The initial ASR delivery of approximately 1,055,100 shares would retire about 4.5% of the float immediately, mechanically boosting earnings per share for every remaining investor.
- The Bill Comes Due Quickly — and the Debt Pile Is Growing. The new $1.5 billion unsecured term loan matures on May 15, 2028 , and principal repayments start at $75 million per quarter in September 2026, rising to $112.5 million per quarter after June 2027.
FICO already carried $3.21 billion in debt against just $162 million in cash. Adding $1.5 billion pushes total debt toward $4.7 billion — a heavy load for a company with roughly $2 billion in trailing annual revenue.

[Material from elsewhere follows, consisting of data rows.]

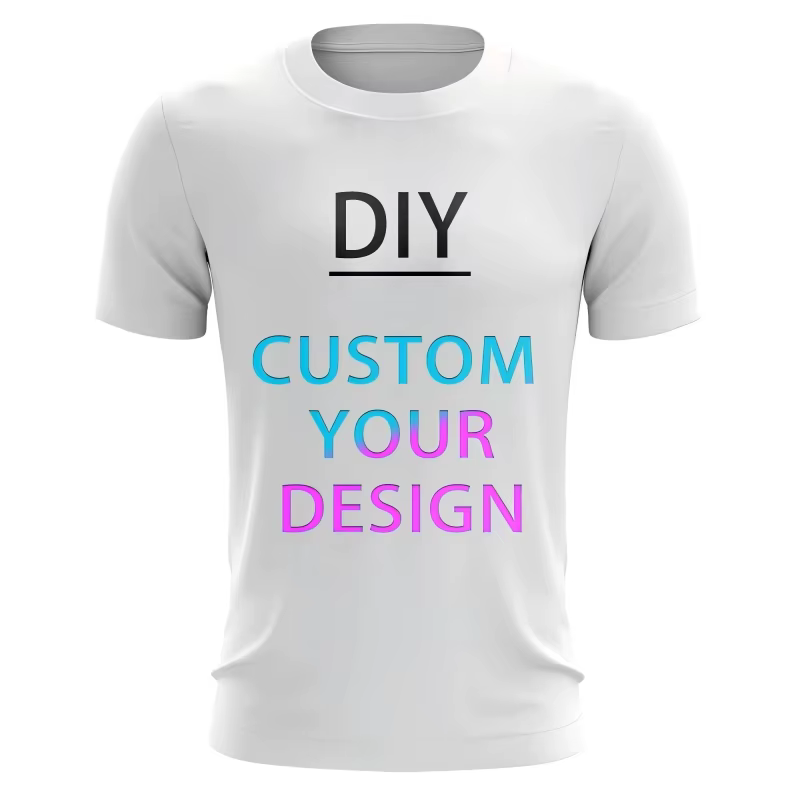 T-shirts personnalisés avec logo, motif ou photo en impression 3D, t-shirts décontractés à col rond 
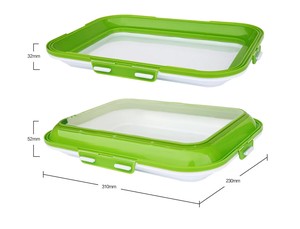 ถาดเก็บอาหารแบบสุญญากาศ ป้องกันการรั่วซึม รูปทรงสี่เหลี่ยมผืนผ้า ผลิตจากวัสดุ PP+TPU ปลอดสาร BPA พร้อมฝาปิดแบบหนีบ สำหรับเก็บรักษาอาหาร - Product Image 2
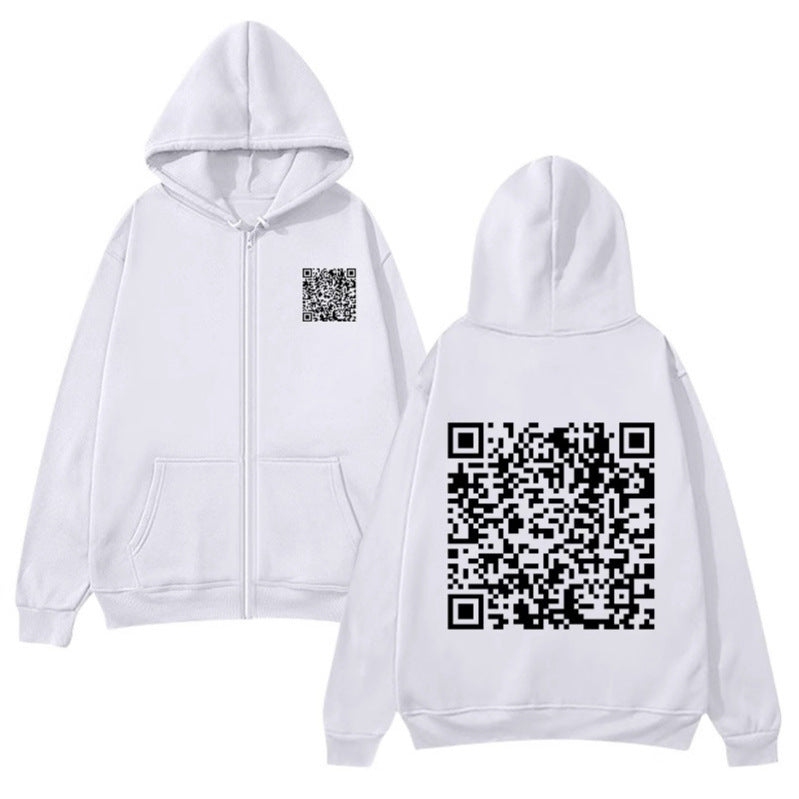 Damegen hettejakke med QR-kode design og myk fleece Skjora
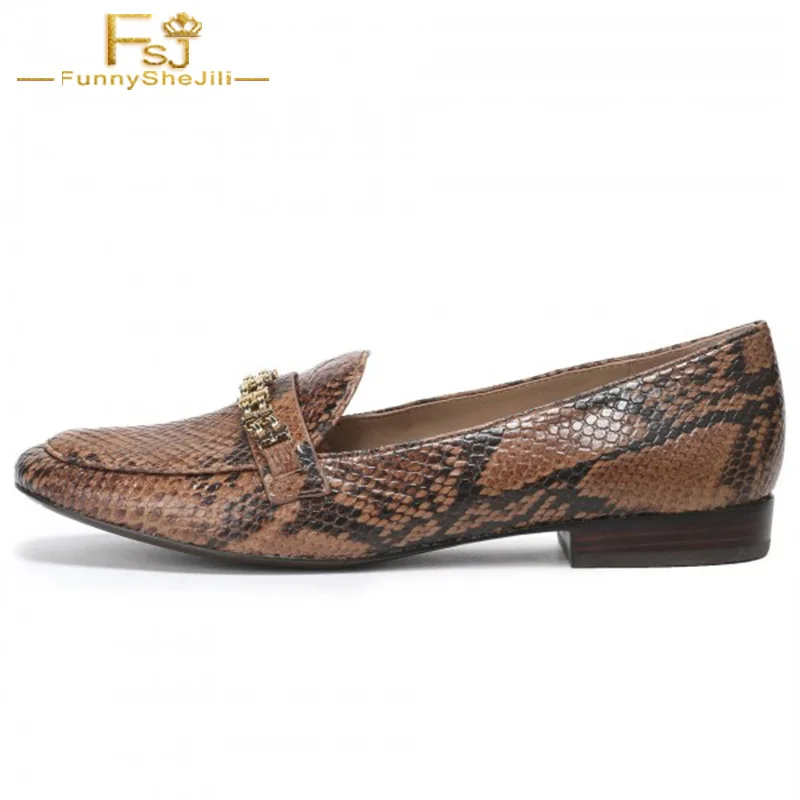Brown Chain Round Toe Python Chunky Heels Loafers for Women Shoes Causal Snake Animal Prints Patent Leather Fashion Slip-On FSJ
Brown Chain Round Toe Python Chunky Heels Loafers for Women Shoes Causal Snake Animal Prints Patent Leather Fashion Slip-On FSJ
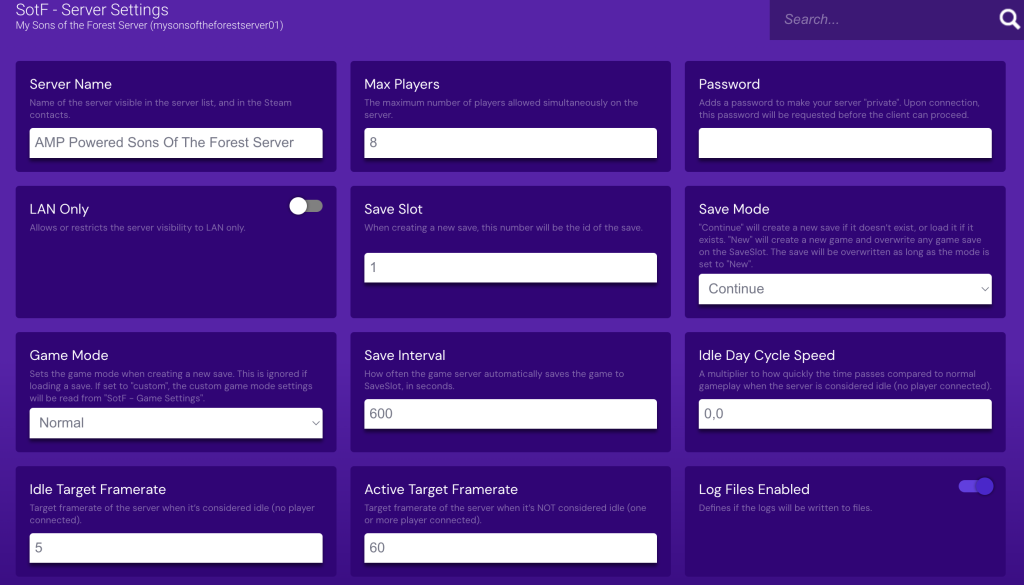 Param&egrave;tres du serveur Sons of the Forest du Game Panel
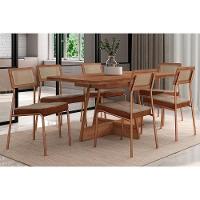 Sala de Jantar Completa Átria 1592 Aço c/ Tampo Madeirado 160x90cm e 6 Cadeiras Lux Rose/Freijo/Nogal - Rose/Areia - Caramelo - Carraro - 1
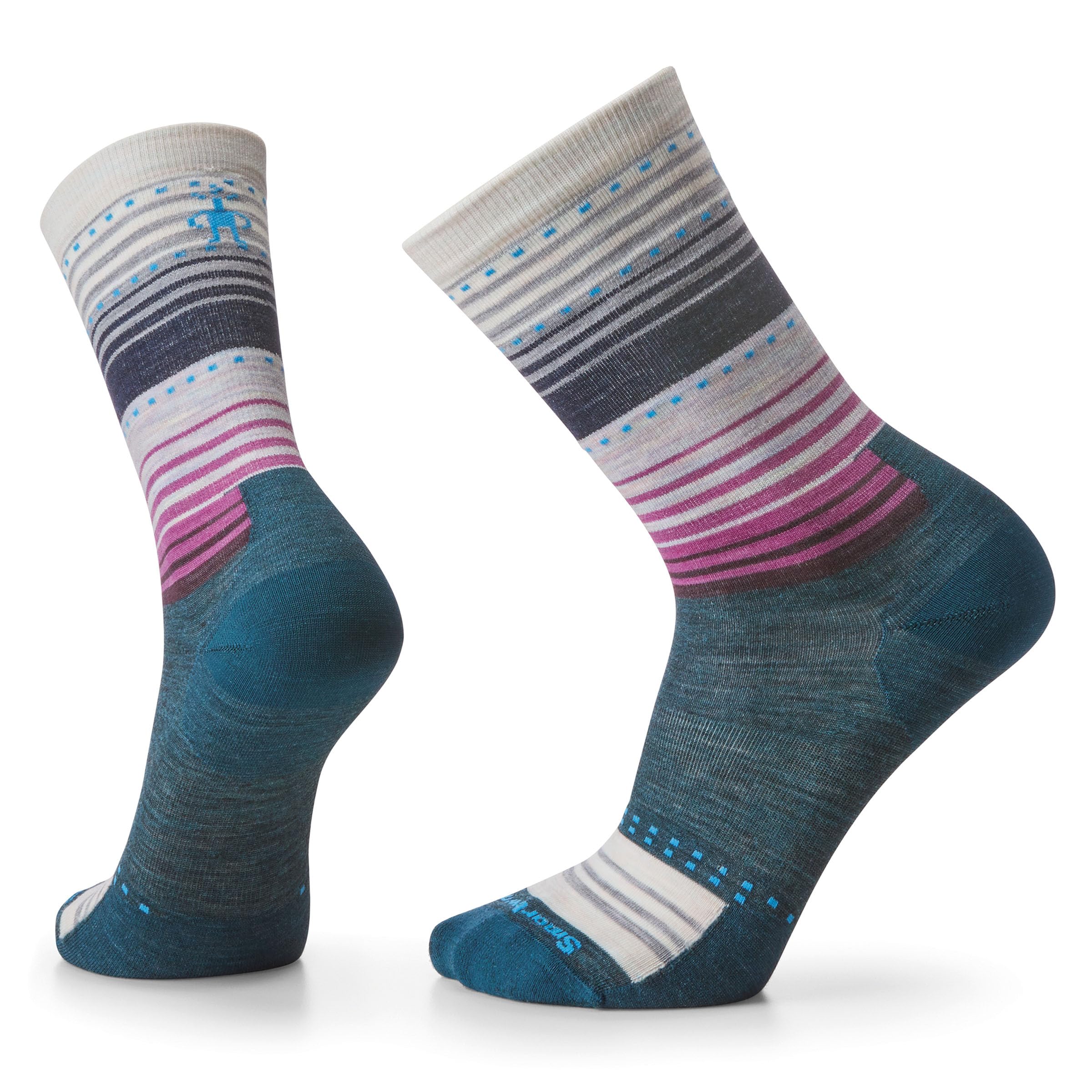 Smartwool Everyday Lifestyle Stitch Stripe Crew Skarpetki do połowy łydki w paski Stitch Everyday Lifestyle Mixed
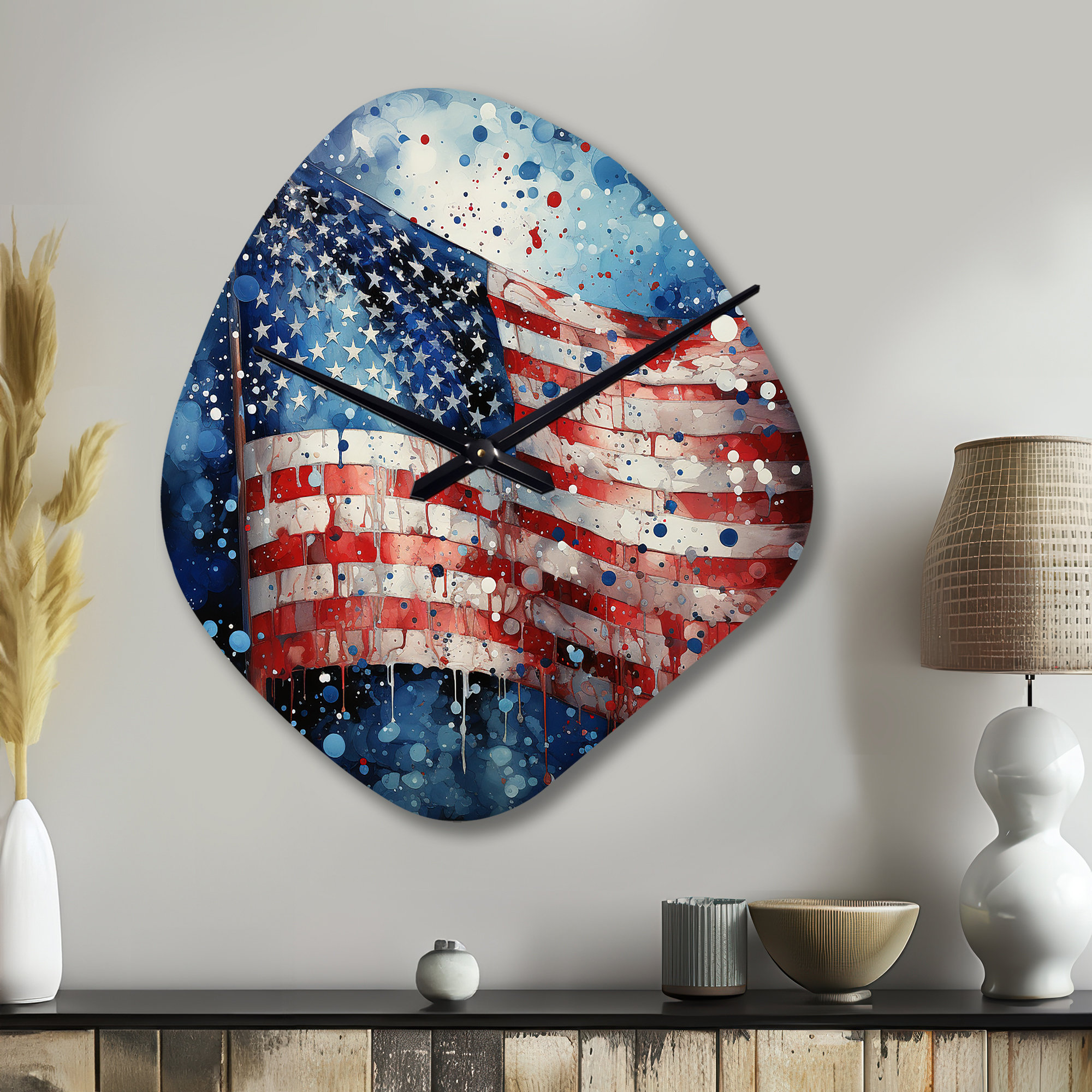Design Art Flag American Flag II - Flag Usa Asymmetrical Metal Wall ...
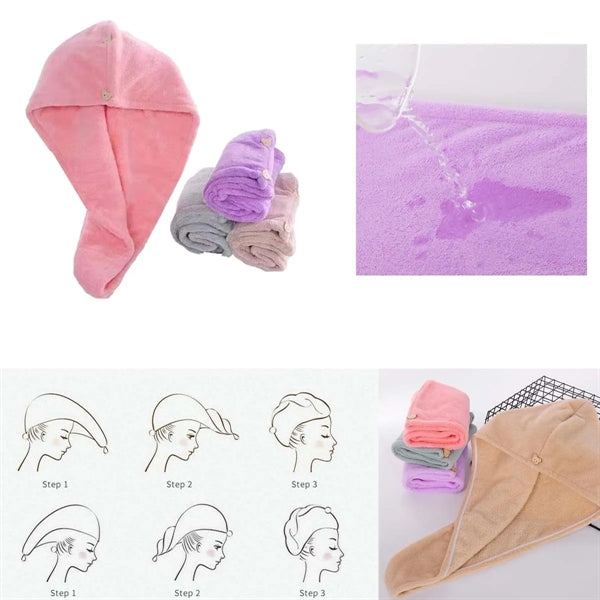 Double Layer Quick Dry Turban Microfiber Hair Hat Cap Towel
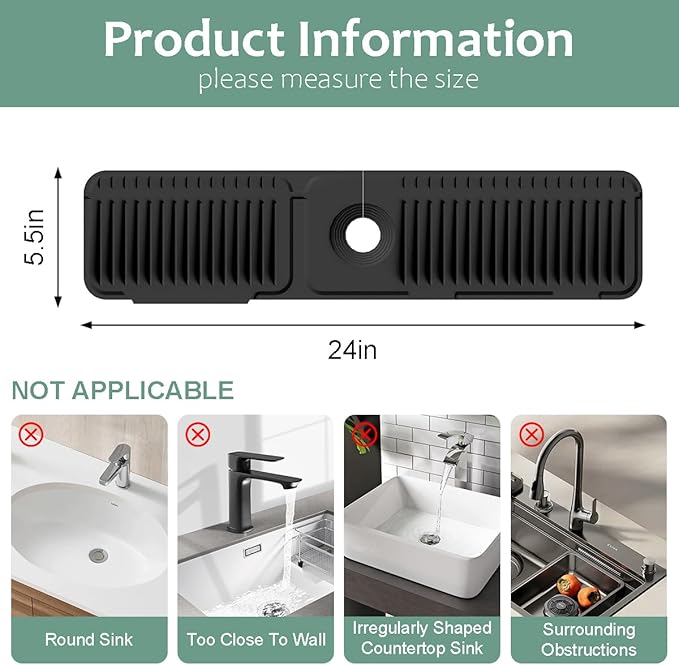 24 Inch Faucet Mat for Kitchen Sink Silicone Folding Faucet Mat for Bathroom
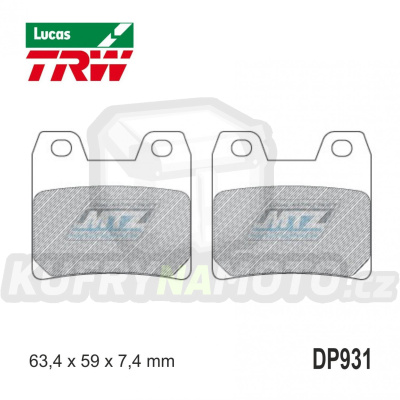 Destičky brzdové DP931-LU TRW Lucas MCB725 - směs Allround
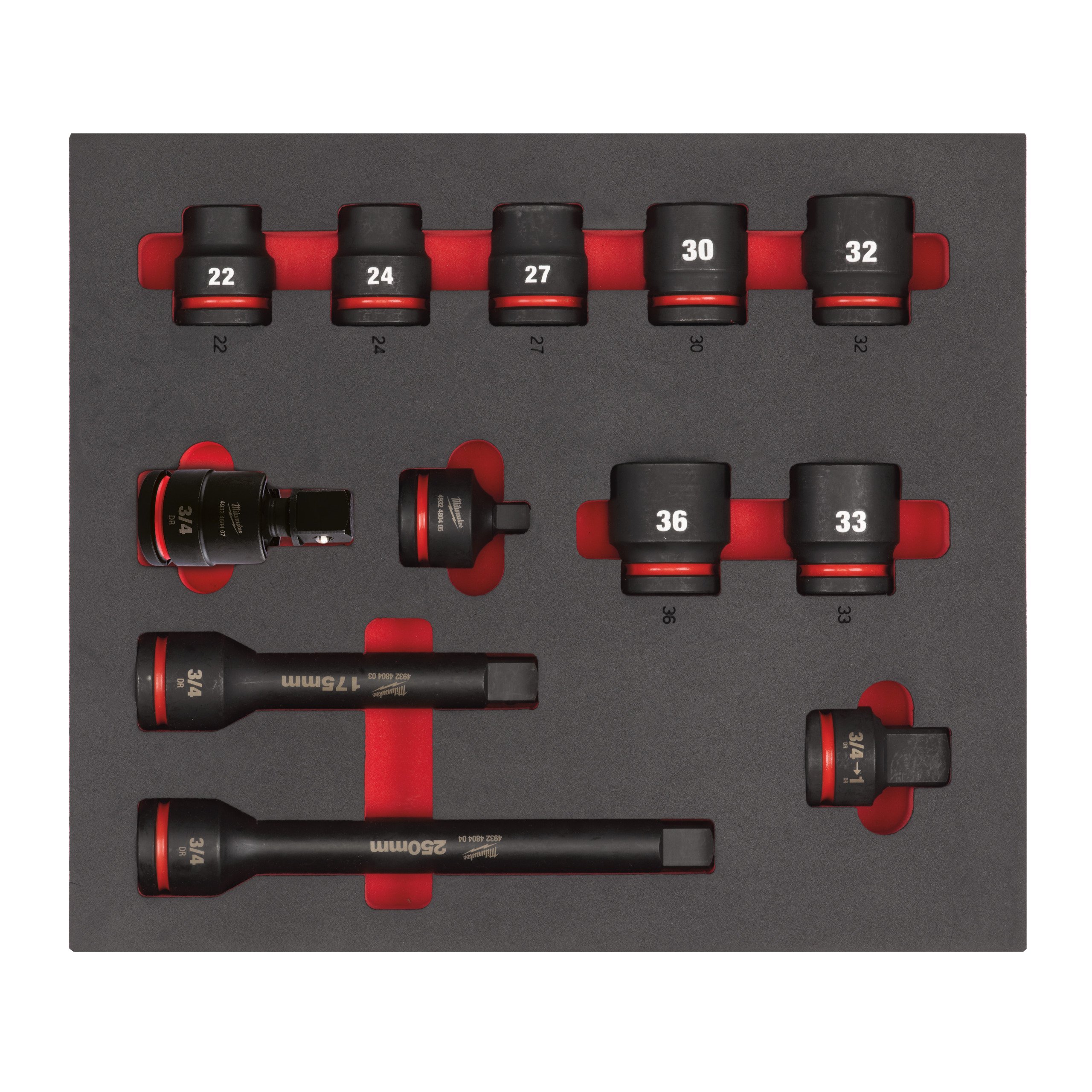 Milwaukee Doppenset | Foam inlay | 3/4" | 12-delig - 4932493396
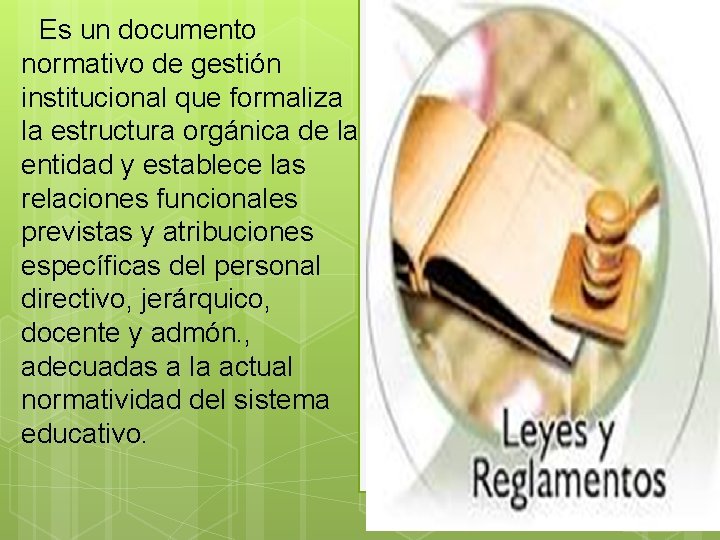 Es un documento normativo de gestión institucional que formaliza la estructura orgánica de la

- Booming Earnings Give Management Cover. Fiscal Q2 revenue hit $691.7 million, up 39% year-over-year , while GAAP earnings surged to $11.14 per share from $6.59.
Full-year guidance was raised to $2.45 billion in revenue and non-GAAP EPS of $40.45. That kind of profit growth — driven largely by a 72% jump in business-to-business scoring revenue from higher mortgage pricing — generates the cash flow needed to service the new debt.
- The Risk Is Cyclical. FICO's scoring revenue depends heavily on mortgage and lending volumes. If borrowing slows, the revenue that justifies this leveraged buyback could soften just as quarterly debt payments accelerate. The stock is still down nearly 42% from its 52-week high , suggesting management is buying at a discount — but only if the growth holds.